Hello!
I have a question regarding Icinga DB and the Icinga DB check: we have an Icinga DB setup with 2 masters and the recommended configuration (ie one local icingadb-redis install per master and one database separated from the masters to store the events).
Regularly the Icinga DB check from Icinga 2 outputs a warning about the history backlog being greater than the warning threshold.
Digging into the check’s code led me to some Redis and MySQL queries to see what’s going on: from what I’ve seen events seem to be sent to both Redis instances on both masters, one of the Icinga DB daemons will handle the event and store the result in the DB, and the other will silently “ignore” the event as it has already been registered by one master (I suppose it’s something like that).
In certain situations, one of our masters will not process an event in the Redis stream for 10-15 mins, but the other is fine, which means that I can see the “lagging” event in the Redis of our master, while the other is empty as expected.

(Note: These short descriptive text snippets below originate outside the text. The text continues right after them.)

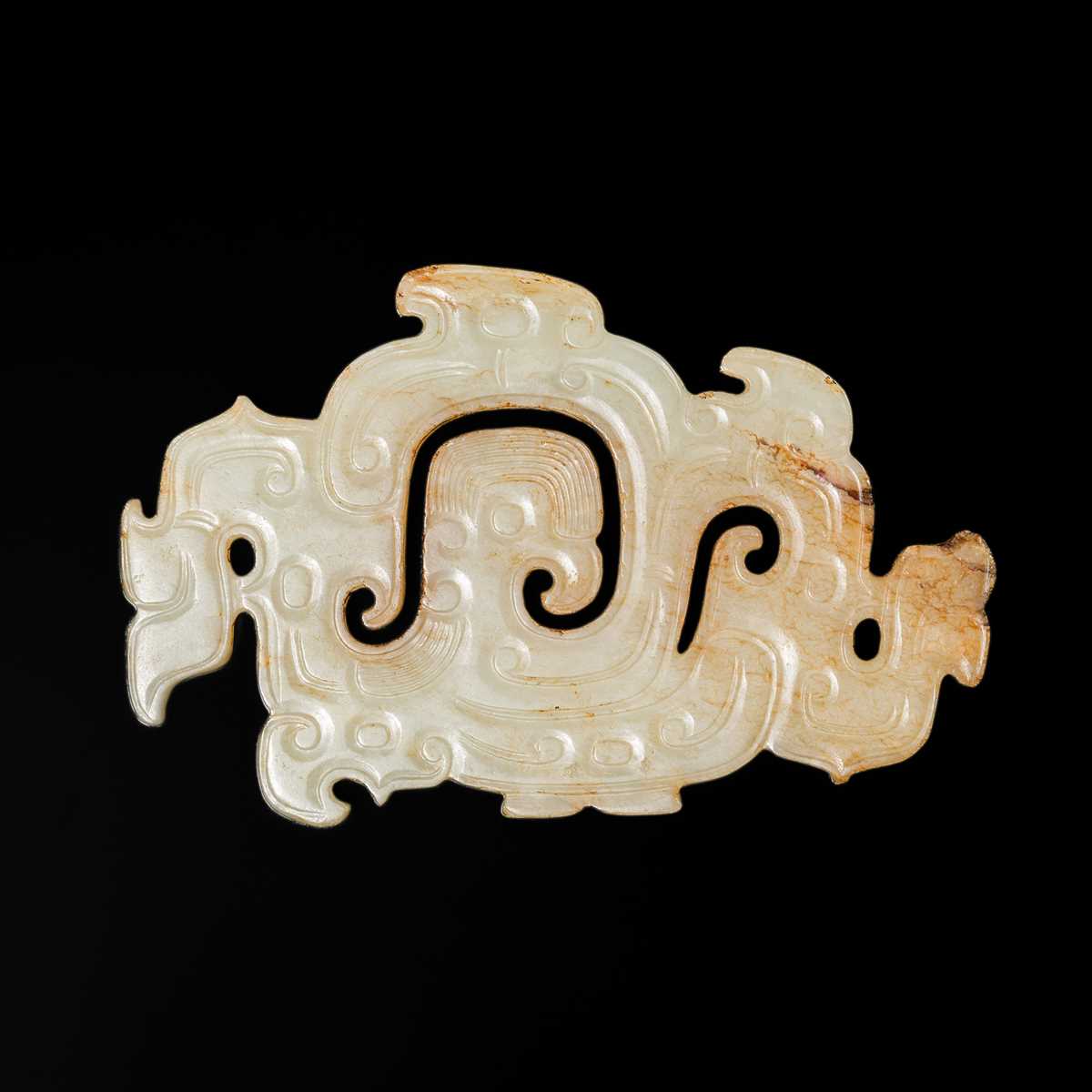 Lot 83 - A WHITE AND RUSSET JADE ‘PHOENIX AND DRAGONS’ OPENWORK PENDANT, WESTERN ZHOU DYNASTY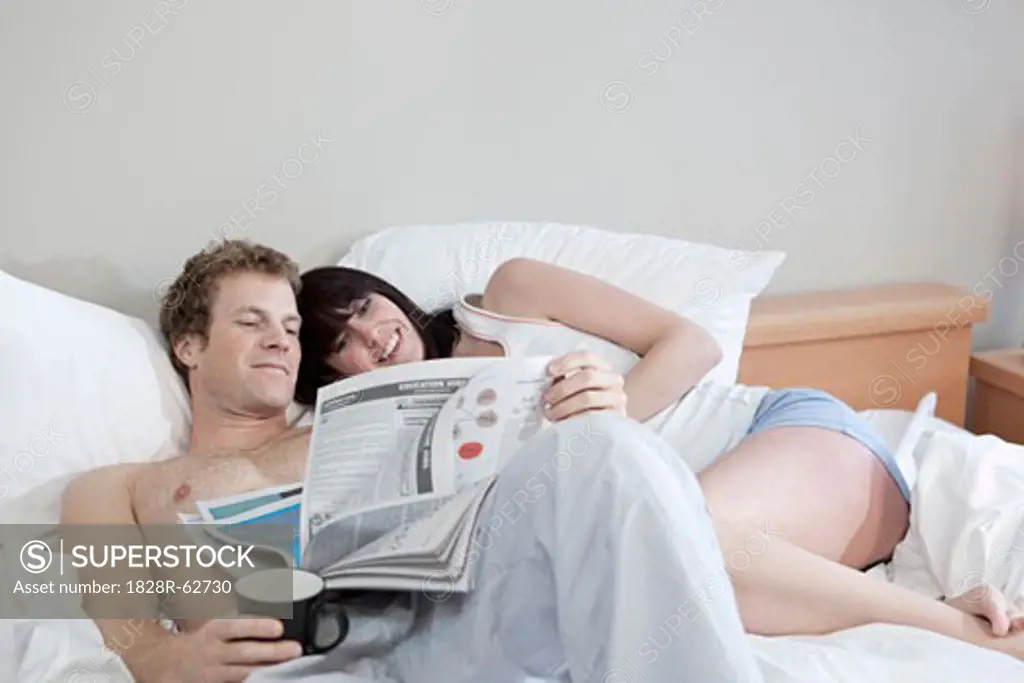 Couple Relaxing in Bed With Coffee and the Newspaper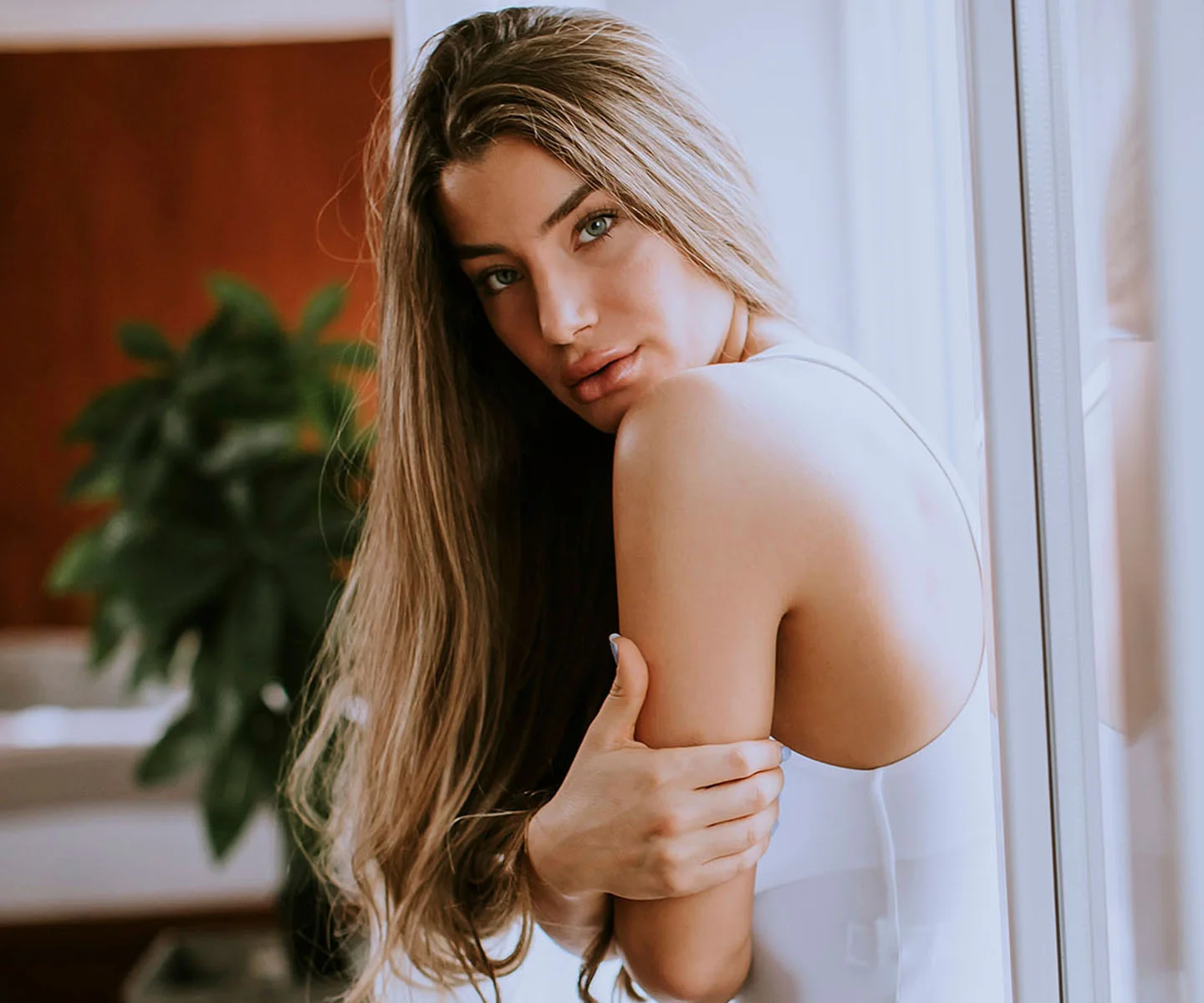 A bright and energetic lifestyle photograph of a person from the shoulders down, wearing a sleeveless white top. They are standing outdoors under bright sunlight, with their arms raised slightly. The background is a soft-focus blur of green foliage and a clear blue sky, evoking a feeling of confidence, freedom, and health. - Arm lift in Arizona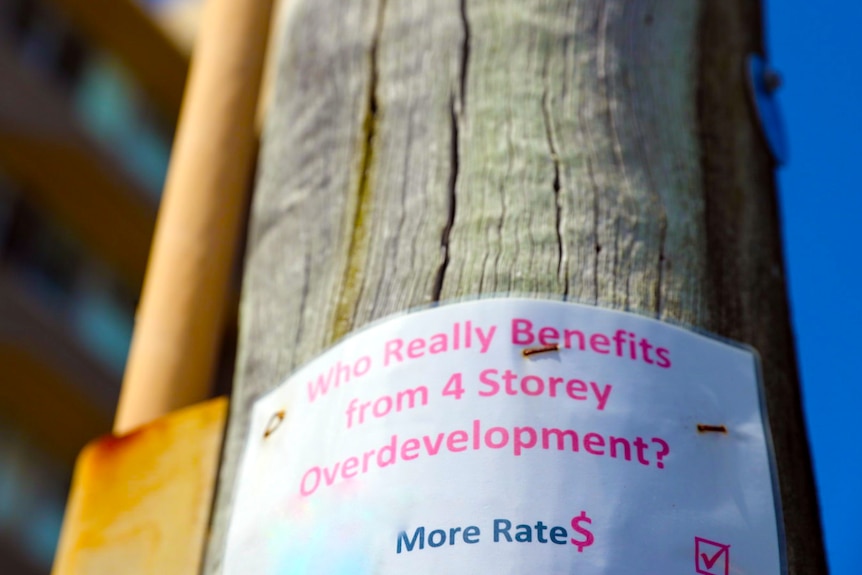 sign that reads who really benefits for 4 storey overdevelopment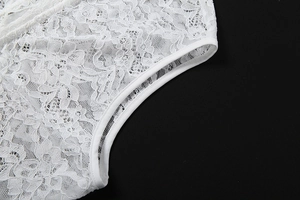 Détail d'une combinaison en dentelle blanche avec broderie florale et texture de maille nette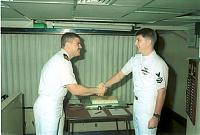 Lt. Godinez reenlisting AW2 Dickover.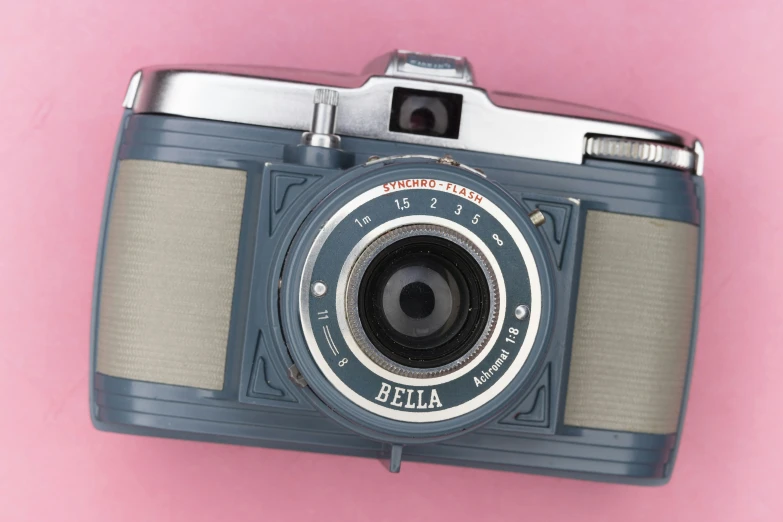 a old fashioned camera on a pink background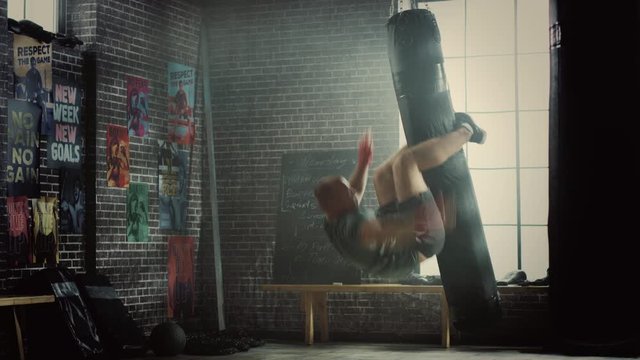 Punching Bag Crunches. Strong Masculine Man Embrassing the Bag with His Legs and Pumping His Abs and Core Muscles. Handsome Male Trains in a Gym and Falls in the End. Sport Accident Causing Back Pain.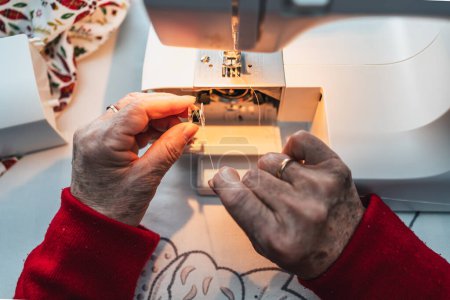 Téléchargez les photos : Détail des mains de la femme préparant le fil pour la couture sur la machine à coudre - en image libre de droit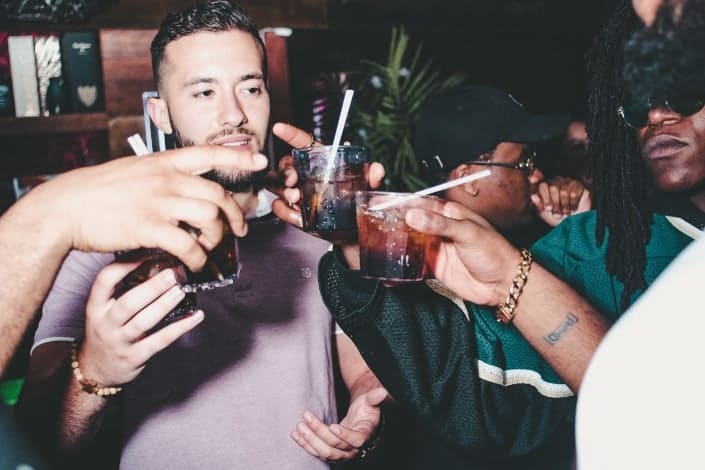 group of friends tossing drinks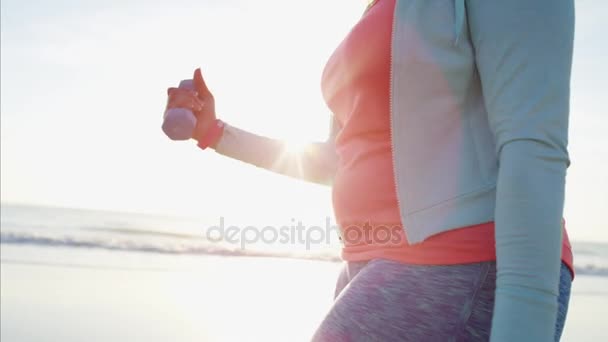 Hembra con pesas caminando por la playa — Vídeo de stock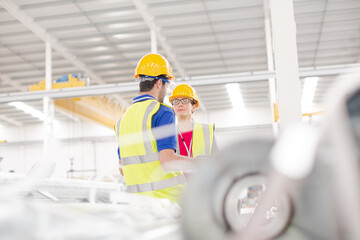 Smiling female worker talking with coworkers in factory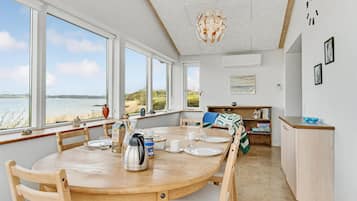 Spiseområde med et træbord dækket til fire personer, store vinduer med havudsigt, og et køkkenområde med en træbordplade samt en blå glasskål.
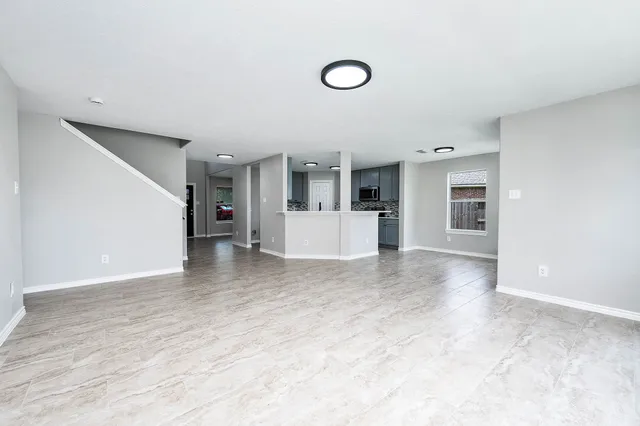 a view of a kitchen with a sink and a refrigerator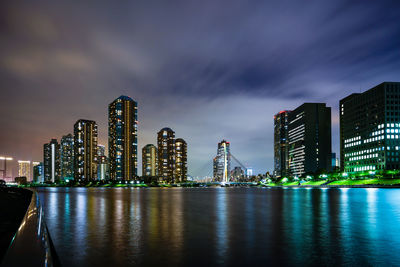 Illuminated modern buildings by bay against sky at night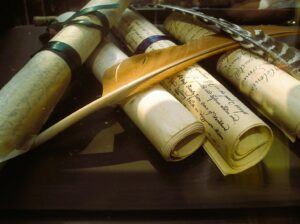 Set of scrolls on a table with a quill pen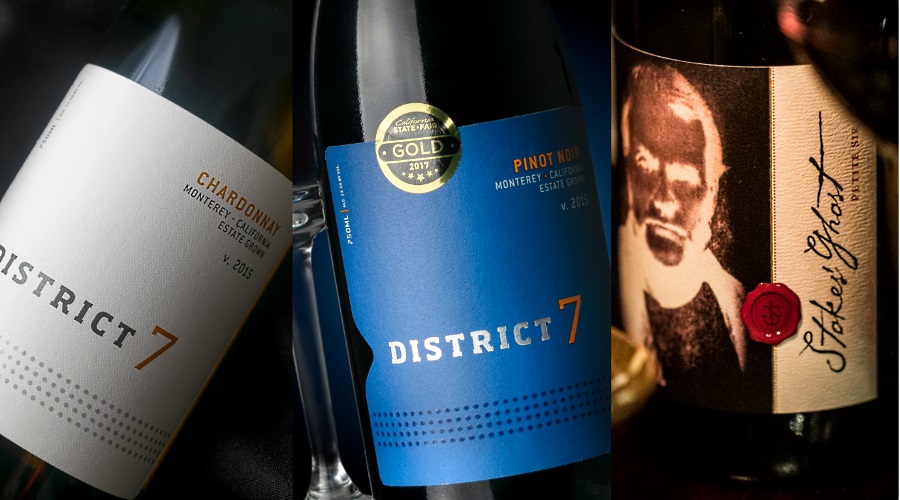 de 3 vinerna för kvällen: District 7 Pinot Noir, District 7 Chardonnay och Stokes’ Ghost Petit Sirah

Also the “lagging” event is properly registered in the DB, and the master not processing the event is fine regarding CPU/RAM.
That means this behaviour triggers the icingadb check in a warning state in one of our masters even though everything seems fine in the end as the event is properly registered in the DB. Do you have any idea about what could cause this behaviour, or if that is normal? I don’t see anything that could explain that one of our masters does not process an event for 10-15 mins.
(Note: The only lead that I have is that it’s always the same master that has this issue, the other machine is always fine, but the impacted machine has enough resources and the logs don’t seem to warn about anything either)